Luciano Amaral

Personal information
- Full name: Luciano Amaral da Silva Alves
- Date of birth: 20 October 1982 (age 42)
- Place of birth: Campina Grande, Brazil
- Height: 1.80 m (5 ft 11 in)
- Position(s): Left back

Youth career
- Criciúma

Senior career*
- Years: Team / Apps / (Gls)
- 2003: Criciúma
- 2004: Joinville
- 2005: Tubarão
- 2005: Bahia
- 2006: Avaí / 27 / (0)
- 2006: Caldense
- 2007: CRB / 4 / (0)
- 2007–2011: Villa Rio / 0 / (0)
- 2007–2009: → Vitória Guimarães (loan) / 25 / (1)
- 2009: → América-RN (loan) / 4 / (0)
- 2009–2010: → Coritiba (loan) / 12 / (0)
- 2010–2011: → Marítimo (loan) / 22 / (0)
- 2011–2012: Apollon Limassol / 6 / (0)
- 2012: Treze / 4 / (0)
- 2012–2013: Gil Vicente / 8 / (0)
- 2013: Inter Lages / 14 / (2)
- 2014: Botafogo-PB / 0 / (0)
- 2014: ABC / 20 / (0)
- 2015: Veranópolis / 11 / (0)
- 2015: Serrano-PB / 2 / (0)
- 2016: Treze / 2 / (0)

= Luciano Amaral =

Brazilian footballer (born 1982)

Luciano Amaral da Silva Alves (born 20 October 1982), known as Amaral, is a Brazilian professional footballer who plays as a left back.

==Club career==
Amaral was born in Campina Grande, Paraíba. After playing with a host of smaller clubs early in his career, he started appearing professionally for Avaí Futebol Clube in 2006, moving to Associação Atlética Caldense that same year.
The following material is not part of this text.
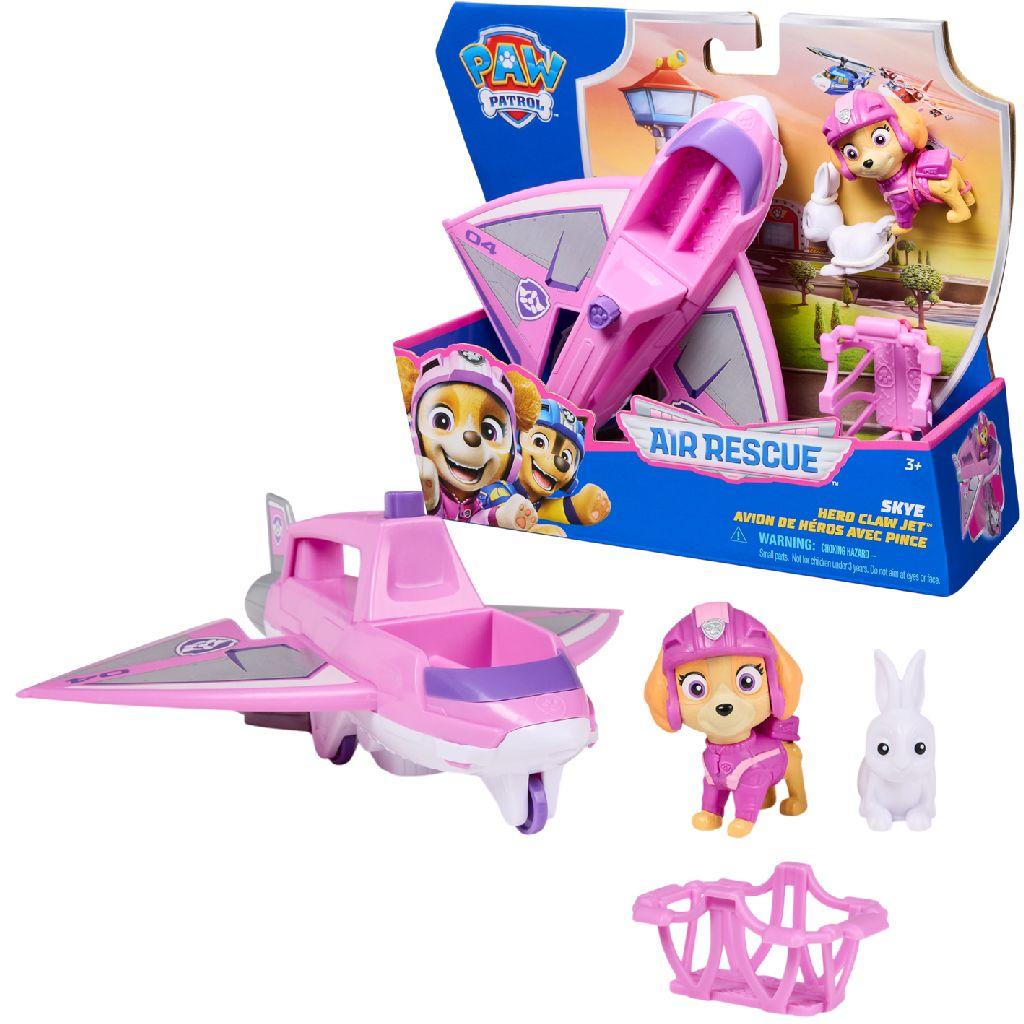 PAW Patrol - Luchtredding - Skye speelfiguur en Hero Claw Jet-vliegtuig met opklapbare klauw, reddingsmand en konijn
In 2007, Amaral was signed by Vitória de Guimarães of Portugal from Villa Rio Esporte Clube, as the Minho side had just returned from the second division. He contributed sparingly in the Primeira Liga as they overachieved for a final third place, ahead of S.L. Benfica for a qualification to the UEFA Champions League.

Towards the end of his second season, Amaral was suspended by Vitória and eventually released, returning to his country with América Futebol Clube (RN), still owned by Villa Rio. After two years with Coritiba Foot Ball Club he returned to Portugal also on loan, joining C.S. Marítimo in late May 2010.